The world’s most famous painting should be returned to the Uffizi museum where it was displayed early in the 20th Century, according to the National Committee for Historical, Cultural and Environmental Heritage, which organised the petition.
Committee President Silvano Vincenti said he has made a formal request to the French minister of culture, Aurelie Filippetti, for the painting to be given back.

He said the return of the painting would be of ‘high historical value, both symbolic and moral’.But the Louvre museum itself has already snubbed the committee. And Florence’s claims on the Renaissance masterpiece, known by Italians as La Gioconda, might not be that straightforward.
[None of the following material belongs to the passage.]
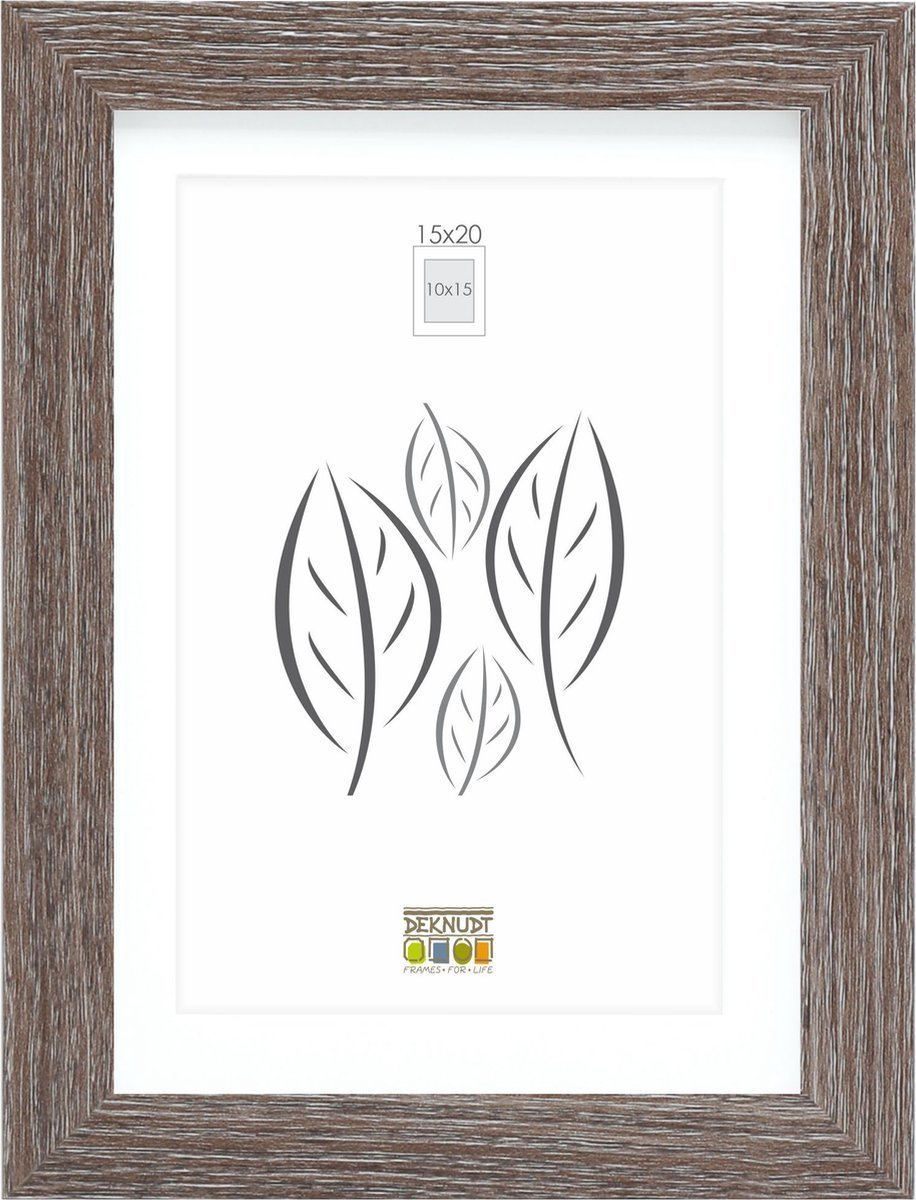 Ramka Deknudt Deknudt S66KH3 P1 15x20 Wood grey oak w. Passepartout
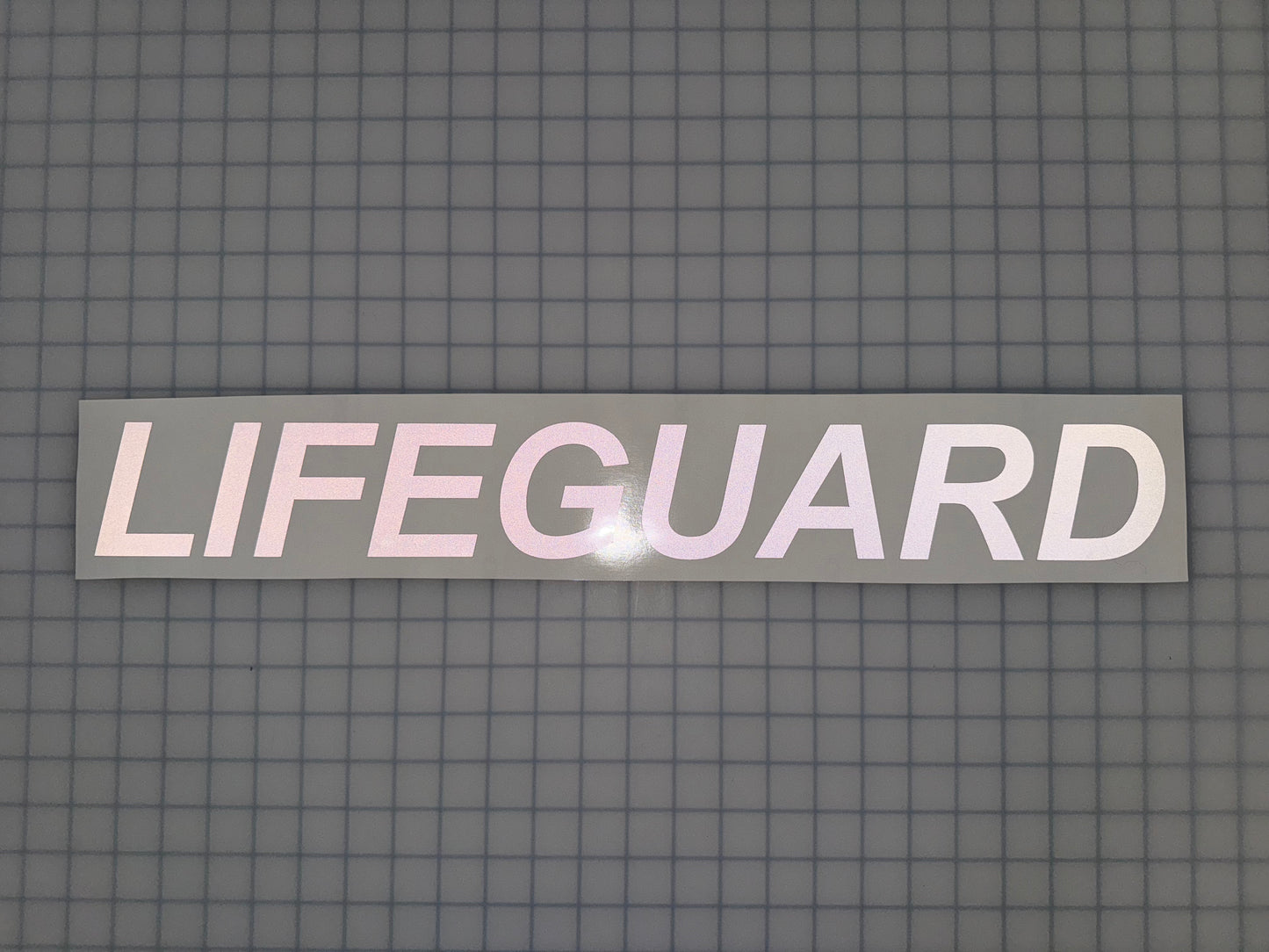"LIFEGUARD" 3"x23" Reflective Decal Italic - Reflective Pro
Leonardo is thought to have begun work on the enigmatic portrait of Lisa del Giocondo, the wife of a wealthy Tuscan silk merchant, in Florence in 1503. But art historians think he took it with him when he moved to France in 1516.
The French Royal family then acquired it and following a spell at Versailles it ended up at the Louvre museum after the French Revolution.

It was stolen from the Paris museum in 1911and was discovered two years later at the Florence home of the Italian patriot and former Louvre employee Vincenzo Peruggia.

However, the painting was exhibited only briefly in the Uffizi and then in Rome before it was returned to the Louvre that year.
Mona Lisa is a 16th century portrait painted in oil on a poplar panel by da Vinci during the Italian Renaissance.
The work is owned by the French government and hangs in the Louvre museum in Paris.

Titled Portrait of Lisa Gherardini, wife of Francesco del Giocondo, it is actually quite small, measuring 2ft 6in by 1ft 9in.
The painting is generally acknowledged to be the most famous work of art in the world and debate has raged for years over the reason for her famously enigmatic smile.

Extensive scrutiny using X-ray apparatus suggests that restoration work has resulted in the original being painted over three times.

Three dimensional, infrared imaging techniques have also been used to analyse the painting and suggest the model wears a veil customarily worn by new mothers.